In Turkey, visceral leishmaniasis caused by L. infantum and L. donovani, and cutaneous leishmaniasis caused by L. tropica, L. infantum and L. major were reported [2730]; 22 species of sand flies are recorded, nine of which are proven or suspected vectors of Leishmania [30]. Of these, P. neglectus, P. perfiliewi, P. papatasi, P. mascitti and P. alexandri are common in both countries and, except P. mascitti, were also found in the Aegean islands.

Sand fly activity in the Aegean normally starts in April-May and ends in October [6] when the average temperature is optimal for sand flies (between 20–35 °C) and rain is scarce. Normally, the winds during May to October blowing over large parts of Greece, the Aegean Sea and Eastern Mediterranean are steady from northern to northwestern/northeastern directions and overall are dry, cool and seldom reach gale-force strength. Gale-force winds may occur as a result of thermal lows deepening over Turkey [31]. Such climatic conditions, the abundance of animals, domesticated, farm animals and wild life are favorable for sand flies.

From the data, it appears that P. neglectus and S. minuta preferred areas less than 1000 m distance from the coastline whilst S. dentata further than 2000 m.
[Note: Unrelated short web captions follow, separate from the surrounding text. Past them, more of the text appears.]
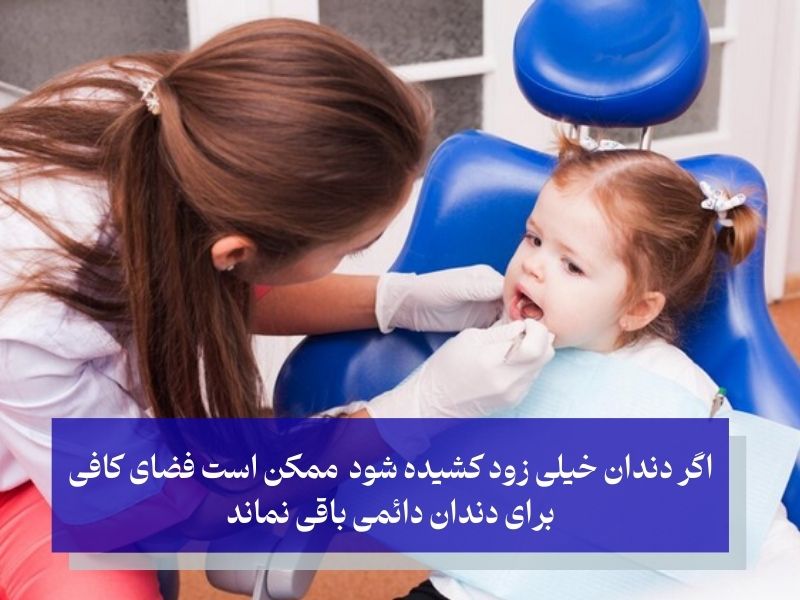 تاثیر کشیدن دندان شیری بر دندان‌های دائمی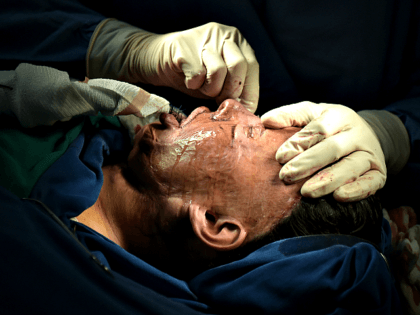 Colombian doctor Alan Gonzalez gets ready to operate on 32-year-old acid attack survivor Angeles Borda in his surgery in Bogota, Colombia on May 30, 2017. Dr. Alan Gonzalez is a Colombian plastic surgeon who provides free operations to women who have been disfigured by acid attacks, through the "Rebuilding Faces" …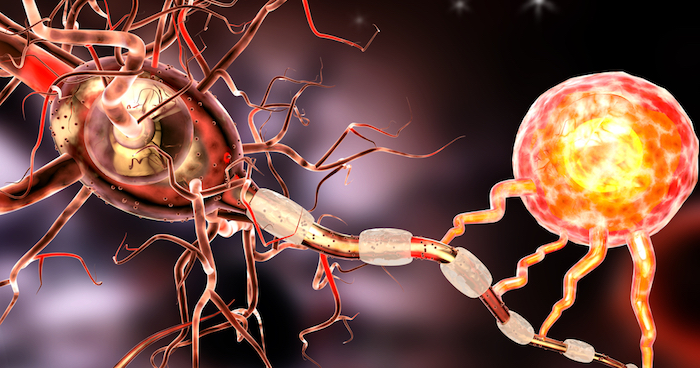 Muscle Spasm Treatment Neurological diseases nerve cells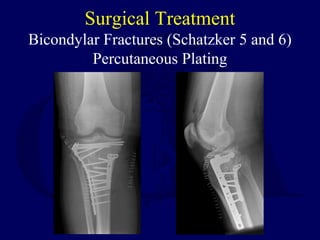 Surgical Treatment
Bicondylar Fractures (Schatzker 5 and 6)
Percutaneous Plating
 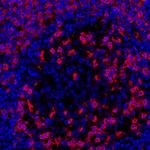 CD45RO Antibody in Immunohistochemistry (Paraffin) (IHC (P))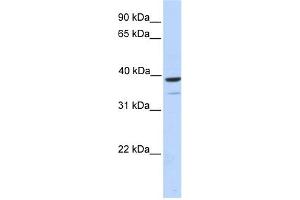 WB Suggested Anti-TRIM27 Antibody Titration:  0. (TRIM27 anticorps  (Middle Region))
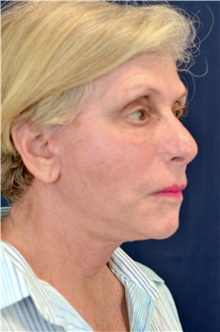 Facelift After Photo by Michael Frederick, MD; Fort Lauderdale, FL - Case 39836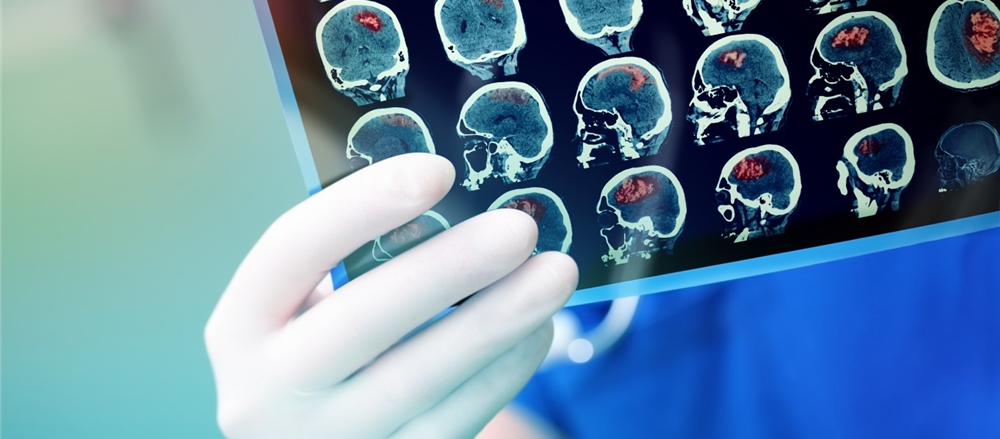 One Penny Stock to Sell – TLX 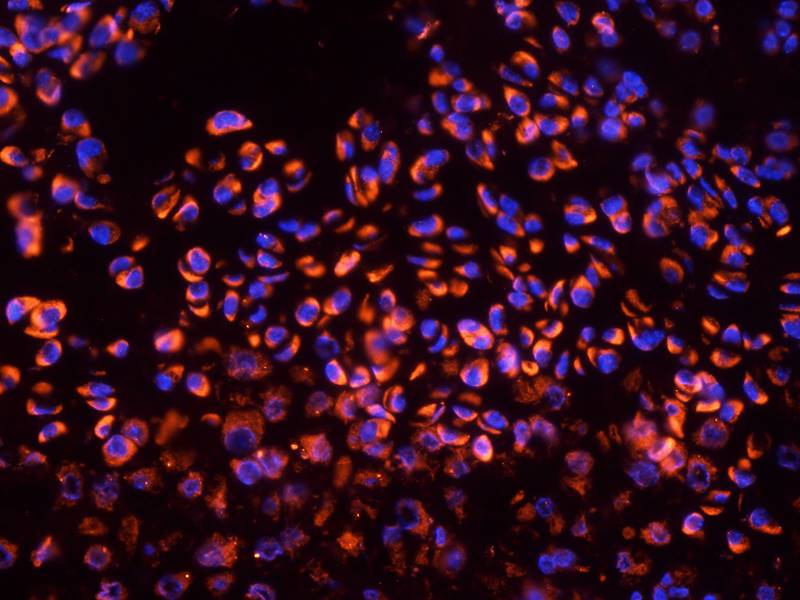 Gremlin 1 antibody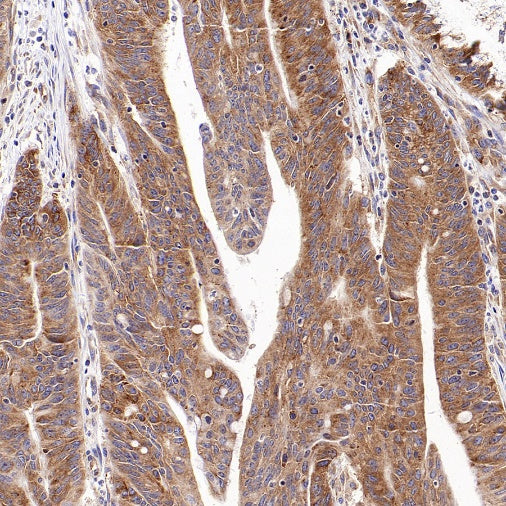 G3BP1 Rabbit Polyclonal Antibody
Only P. simici appeared at altitudes higher than 400 masl whereas P. neglectus and S. dentata were found at altitudes below 200 masl. Rural areas were more favorable for P. neglectus, urban for P. similis and S. minuta. Phlebotomus tobbi and P. simici preferred outdoor breeding and resting sites. The areas in which the different species were more recurrent could be explained by their trophic preferences (the presence of mammals and birds) and the environmental characteristics (Additional file 1: Table S1). An island ecosystem is a very particular one and difficult to compare to large inland landscapes. Small island size may allow sand flies to locate their meal sources in different microenvironments during evenings.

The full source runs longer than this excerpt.